Sol.—Draw any two diameters AC, BD at right angles to each other. Join AB, BC, CD, DA. ABCD is a square.

Dem.—Let O be the centre. Then the four angles at O, being right angles, are equal. Hence the arcs on which they stand are equal [III. xxvi.], and hence the four chords are equal [III. xxix.]. Therefore the figure ABCD is equilateral.

Again, because AC is a diameter, the angle ABC is right [III. xxxi.]. In like manner the remaining angles are right. Hence ABCD is a square.

PROP. VII.—Problem.
About a given circle (ABCD) to describe a square.

Sol.—Through the centre O draw any two diameters at right angles to each other, and draw at the points A, B, C, D the lines HE, EF, FG, GH touching the circle.

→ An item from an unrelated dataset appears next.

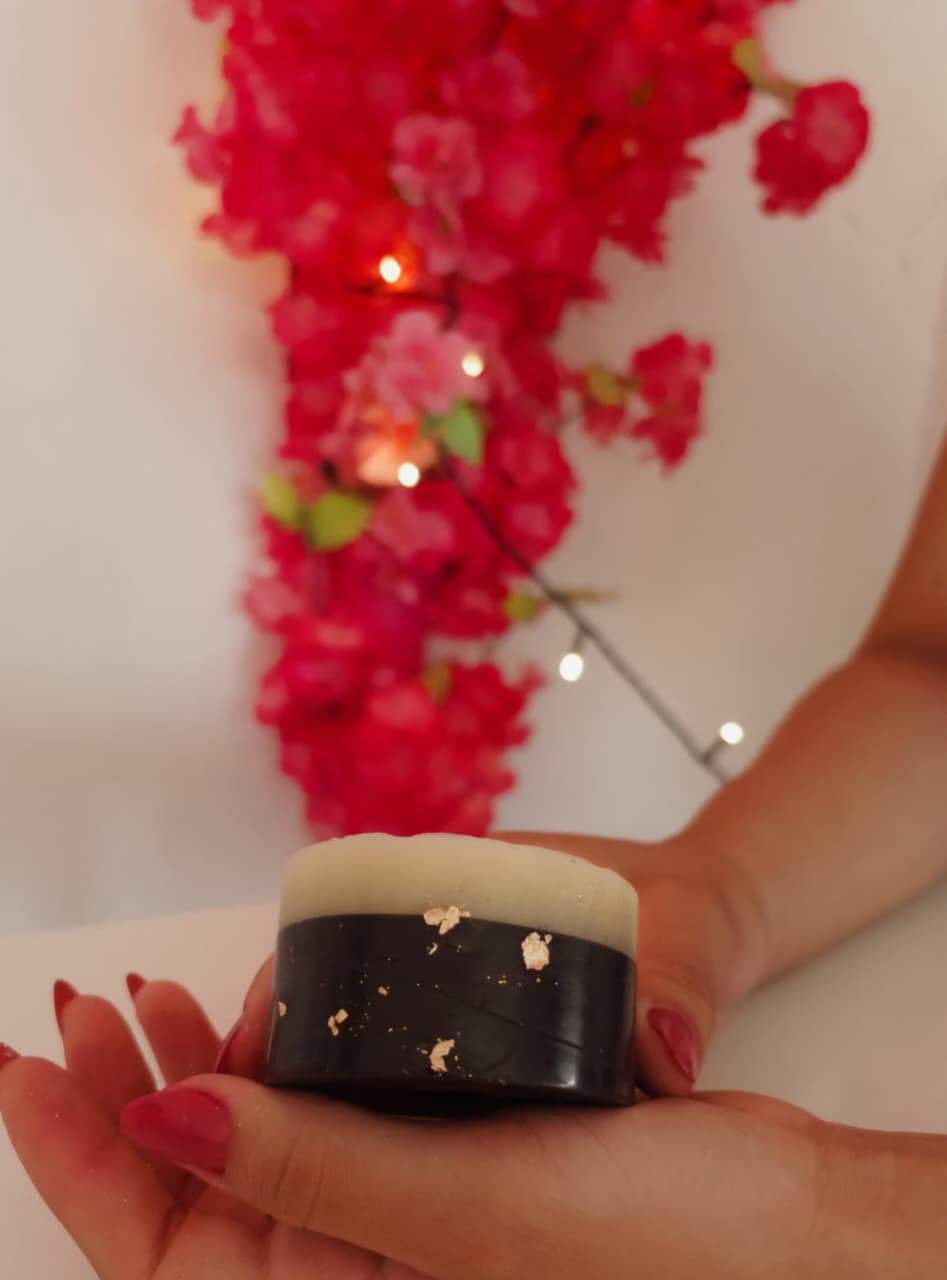 Vela artesanal perfumada em composição still com flores delicadas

EFGH is a square.

Dem.—Because AE touches the circle at A, the angle EAO is right [III. xviii.], and therefore equal to BOC, which is right (const.). Hence AE is parallel to OB. In like manner EB is parallel to AO; and since AO is equal to OB, the figure AOBE is a lozenge, and the angle AOB is right; hence AOBE is a square. In like manner each of the figures BC, CD, DA is a square. Hence the whole figure is a square.

Cor.—The circumscribed square is double of the inscribed square.

PROP. VIII.—Problem.
In a given square (ABCD) to inscribe a circle.

Sol.—Bisect (see last diagram) two adjacent sides EH, EF in the points A, B, and through A, B draw the lines AC, BD, respectively parallel to EF, EH; then O, the point of intersection of these parallels, is the centre of the required circle.